KaBar Dozier with Bad Edge

jamesraykenney said:
Also ask some REAL old-timers to show you how they sharpen knives... Most of them used trailing strokes...
They didn't sharpen the same steels.

-Cliff
 
Katanas are sharpend edge forward mostly kneeling on a slighly inclined stone. I have never done it myself, mind you, I have only seen photos. See this link: http://www.ksky.ne.jp./~sumie99/togi,process.html.

Cliff, the waterstones I had trouble doing edge in strokes on are a man made blue stone and a Naniwa ebi 10000, also man made. Both are of the medium to expensive side as far as man made stones go. Both are *very* soft. You can easily gauge the blue stone just pulling a fingernail over the surface. If you increase the angle and push, the edge starts to bite almost instantly. The Naniwa is a bit more forgiving but still very soft. In comparison, I can push edge forward all day long even with increased angle on a King or Bester stone, especially the Bester stone is quite hard, as long as you don't use heavy pressure. Harrelson Stanley shows a pulling stroke along the edge for the removal of the burr on a chisel in his video which gave me the idea. I think the pulling strokes aren't all that bad, if you don't start stropping on the stone with a large number of alternating pulling strokes. I also found that you need to increase the angle quite a bit for the pulling strokes. I started with 2 deg. but I think 4 or 5 deg works better. But I have to experiment some more for that. Right now I do about 10 forward (on side 1) at the angle I am aiming for (lets say 15 deg), turn the blade over (side 2) for 2-3 pulling strokes at increased angle (about 18-20). Stay on the same side (side 2), and do 10 forward again, to remove the tiny bevel the pulling strokes might have made and to build up a new tiny burr. Then turn it over (side 1) and pull the burr off with 2-3 strokes at increased angle. And then turn it over to one more time (side 2) to give it one or two more pulling stroke at increased angle). This is all on the finishing stone. Seems to give a very nice edge. The best I have been able to produce sofar on the waterstones. But it is an ongoing project.

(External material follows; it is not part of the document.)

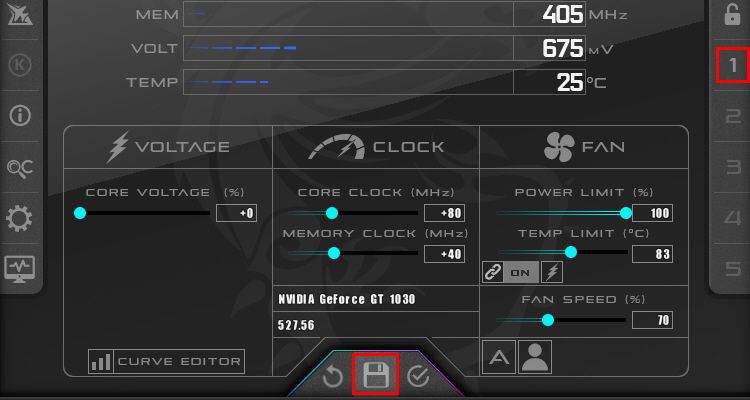 MSI Afterburner Save Option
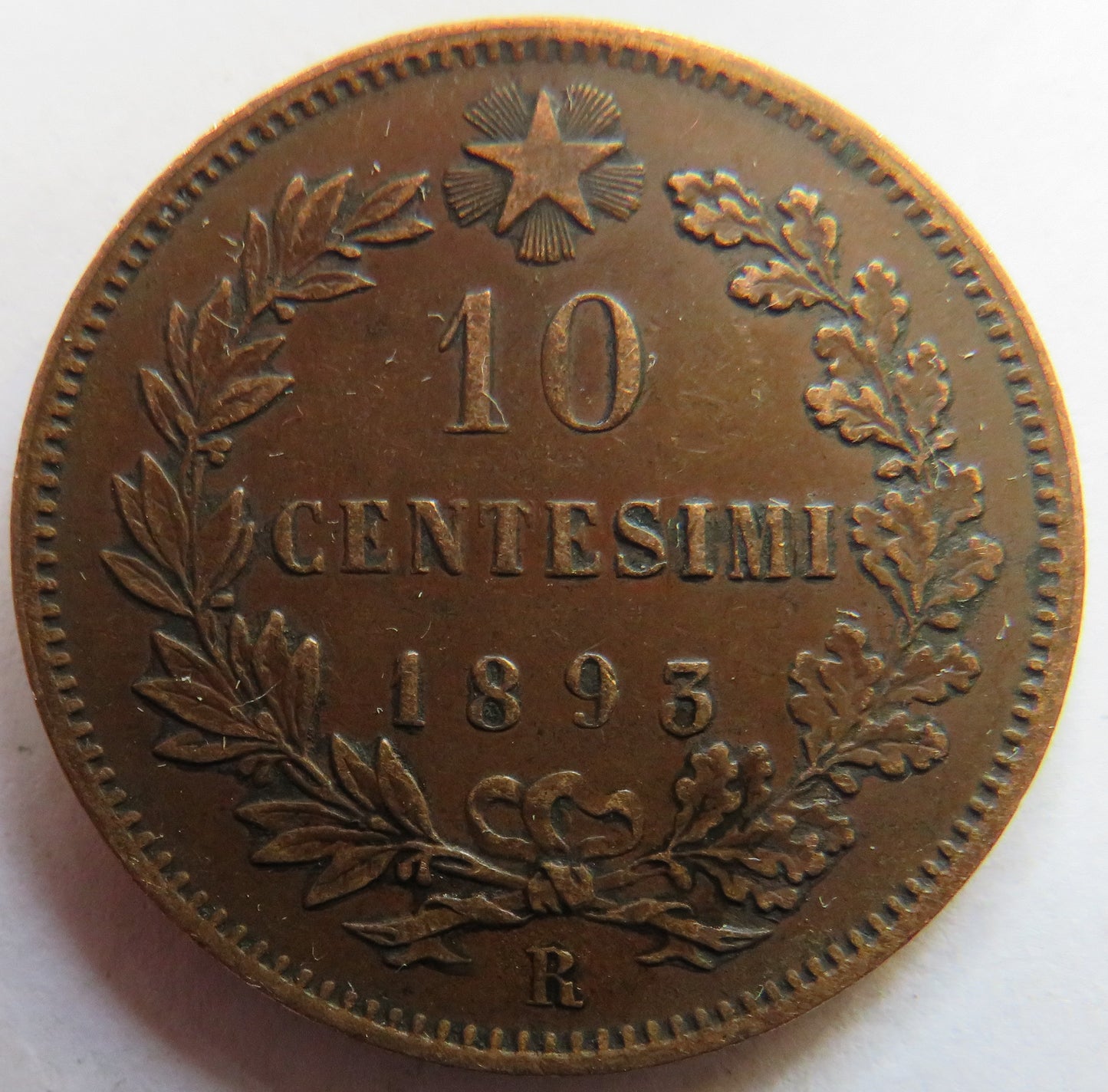 1893-R Italy 10 Centesimi Coin Better Grade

The steels I have tried this so far with has been only S30V and the generic Zwillings kitchen knife steel.
 
HoB said:
You can easily gauge the blue stone just pulling a fingernail over the surface.
Do you know anything about the construction? I have not seen anything that soft. The 200 SiC hone I have is the softest in terms of shallowing it out, it wears really fast, you have to lapp it after every sharpening, but it is no where near that. The naturals are supposed to really soft, but they do edge forward, on chisels anyway.

I think the pulling strokes aren't all that bad...
With the stones acting as you describe I would imagine burrs would automatically deflected a great deal as they are deformation induced when the material isn't cut but just pushed around. With the stone breaking down so readily that would act against this a great deal.

Do you know of any small (1x4") x-fine waterstones. I hand stone usually with the blade fixed.

-Cliff
 
I don't know anything about the makeup of the blue stone other that that it is made from particles with two different grit sizes to mimic the natural blue stones better. Its a very weird stone for sure and I have a love hate relationship with it. The softness is often bothersome but it cuts pretty fast while leaving a very fine finish, but I wouldn't use it as a finishing stone. It also needs to be flushed very often, the slush buildup is so fast, that you have to flush it frequently, otherwise you are just playing in the mud. If you cut in an angle at a coarser stone (I use a 700 Bester or a 180 Omura stone for that), you can hone edge forward at that angle no problem, only when you increase the angle its starts biting very quickly.

Shapton stones (Shaptonstones.com) offers slipstones, which maybe exactly what you are looking for. The slipstones they sell are not pre-formed, they are simple rectangles that you can buy in different thickness (I don't know their exact dimentions). They offer them in pretty much all grits (up to 15000 just checked) and they are relatively reasonably priced as well ($15-18 thereabouts). I was often thinking of getting a couple just to give those Shapton stones a try. And they have the reputation of being as good as they get.